Lunch seminar: Empirical Constitutional Law and the Politics of Position-Taking on Divisive Social Issues

With Professor Mila Versteeg and Professor Kevin Cope (University of Virginia)

Deakin Burwood Campus, Wed 10 December at 1pm-2pm

The Centre for Law as Protection is delighted to invite you to an informal research discussion on empirical constitutional studies and the politics of position-taking on divisive social issues with the Centre’s international visitors, Professor Mila Versteeg and Professor Kevin Cope, both from the University of Virginia in the US.

Professor Mila Versteeg: 

Mila’s research and teaching interests include comparative constitutional law, public international law and empirical legal studies. She has published over 80 articles and book chapters, in both legal and social science journals. Her publications have, amongst others, appeared in the Harvard Law Review, the Columbia Law Review, the New York University Law Review, the University of Chicago Law Review, the American Political Science Review, the American Journal of Political Science, the Journal of Legal Studies, the Journal of Law and Economics, the American Journal of International Law, and the Journal of Law, Economics and Organizations. A number of her works have been translated into Spanish, Chinese, Portuguese and Turkish. Her new book How Constitutional Rights Matter won the Best Book Prize for 2019 and 2020 from the International Society of Public Law and the Best Book Award from the Human Rights Section of the American Political Science Association.

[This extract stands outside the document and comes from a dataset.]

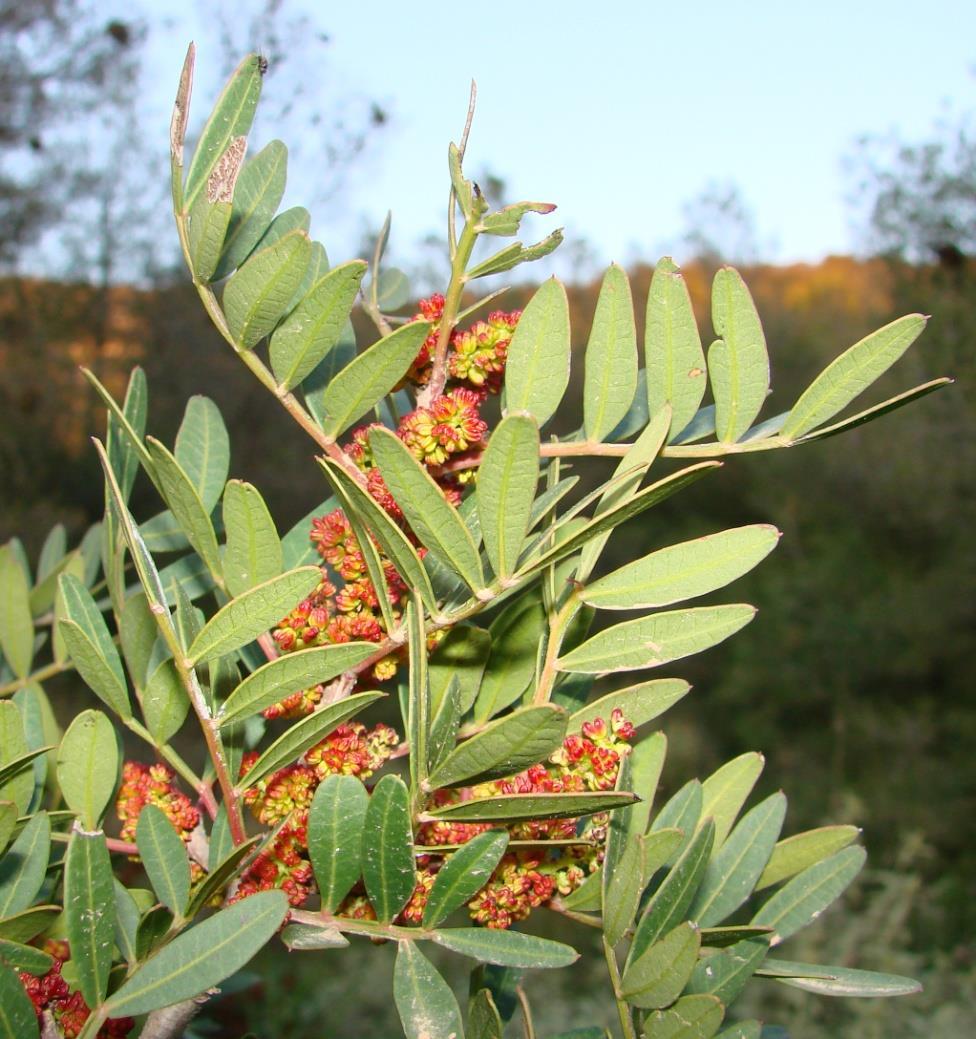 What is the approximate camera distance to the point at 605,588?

In 2017, Versteeg was named an Andrew Carnegie Fellow, which provided her with a $200,000 award to expand her research into the world’s constitutions to better understand how constitutional rights are enforced in different countries. Versteeg has been a visiting professor at the University of Chicago Law School, Columbia Law School, the Hebrew University, the University of Hamburg, Tel Aviv University and IDC Herzliya.

 

Professor Kevin Cope: 

Kevin Cope’s research uses empirical, comparative, and formal theoretical methods to explore issues related to law and political economy. Substantively, he is interested in political-legal decision-making, immigration, human and civil rights, and judicial ideology. Cope is a fellow of the Society for Empirical Legal Studies and a co-editor of the inaugural Oxford University Handbook on Comparative Immigration Law. He has served as a visiting professor at the Université Panthéon-Assas (Paris II).

Cope’s work is published or forthcoming in journals such as the California Law Review, Michigan Law Review, Journal of Legal Studies, Journal of Empirical Legal Studies, Political Analysis, Political Science Research and Methods, American Journal of Comparative Law and American Journal of International Law.

His short articles have appeared in The Atlantic, FiveThirtyEight, The Washington Post Monkey Cage and Slate. Cope has been interviewed about his research on National Public Radio’s “All Things Considered” and on local radio and television stations.

Before joining the Law School faculty in 2019, Cope served as a judicial clerk to judges on the U.S. Court of Appeals for the Ninth Circuit and two federal trial courts. He also practiced government enforcement litigation law in Washington, D.C., with Skadden, Arps. In law school, he served as an editor of the Northwestern University Law Review.